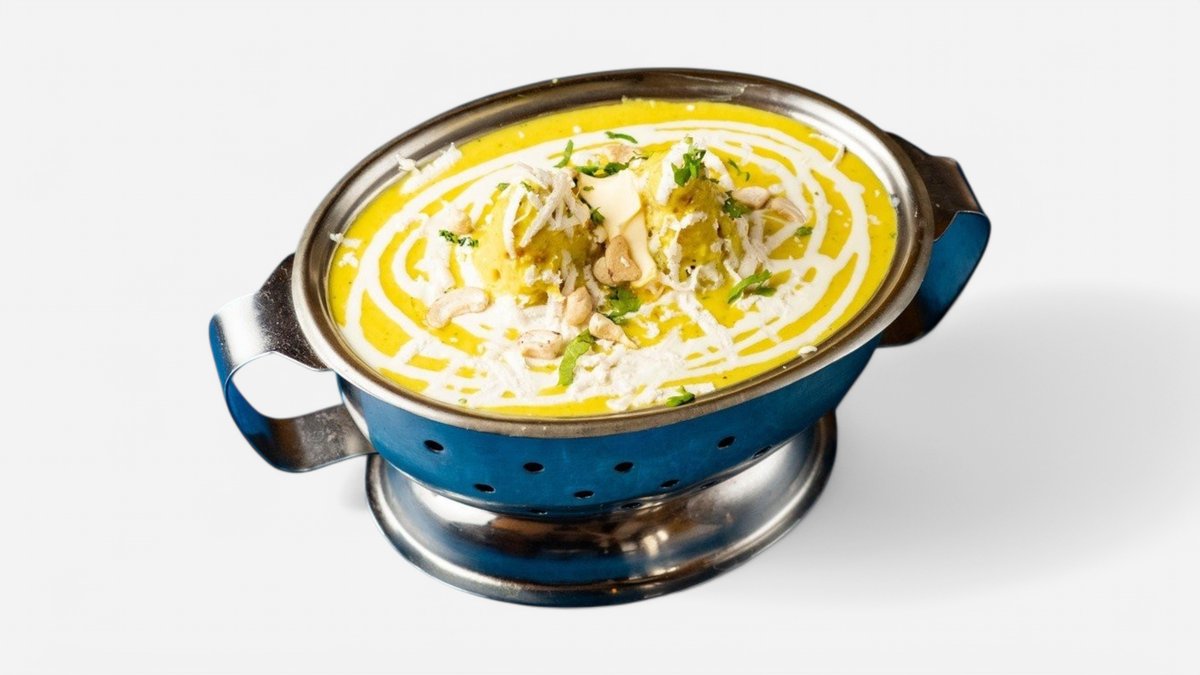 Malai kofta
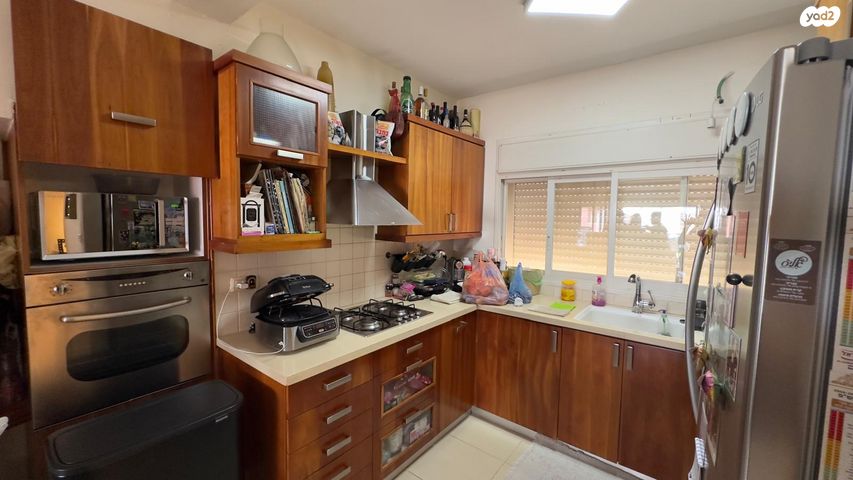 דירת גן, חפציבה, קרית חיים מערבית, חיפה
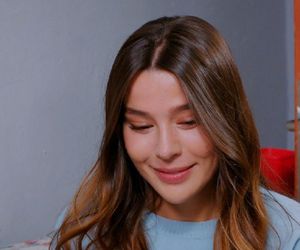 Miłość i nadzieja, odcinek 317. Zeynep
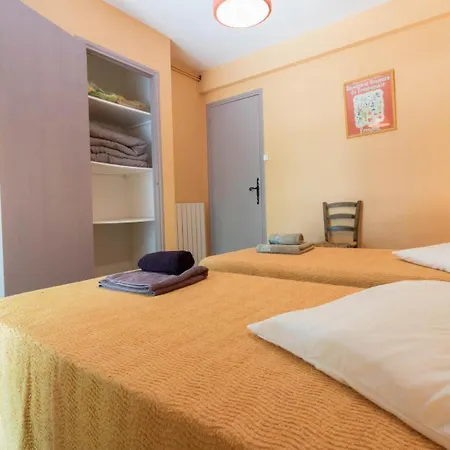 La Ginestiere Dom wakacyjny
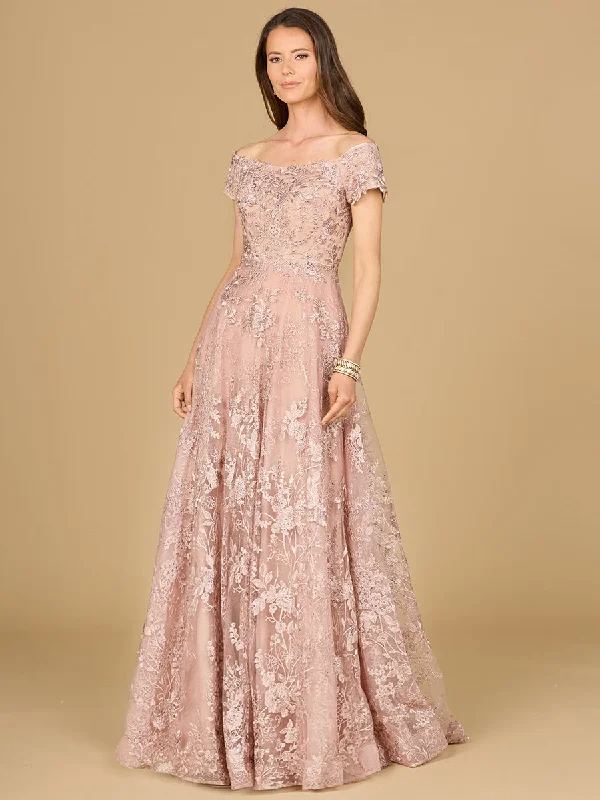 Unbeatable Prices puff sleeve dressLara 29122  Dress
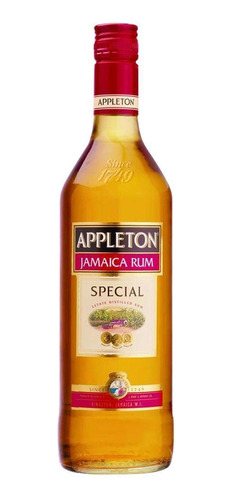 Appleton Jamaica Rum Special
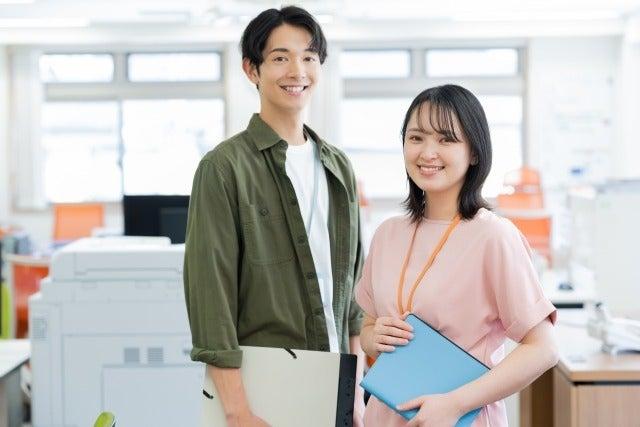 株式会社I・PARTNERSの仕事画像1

INSTRUCTIONS TO FOLLOW =
Only those lines from the one containing "Appleton Jamaica Rum Special" to the end of the material above, retyped exactly and without pictures, belong in your reply.

YOUR RESPONSE =
 Appleton Jamaica Rum Special
 株式会社I・PARTNERSの仕事画像1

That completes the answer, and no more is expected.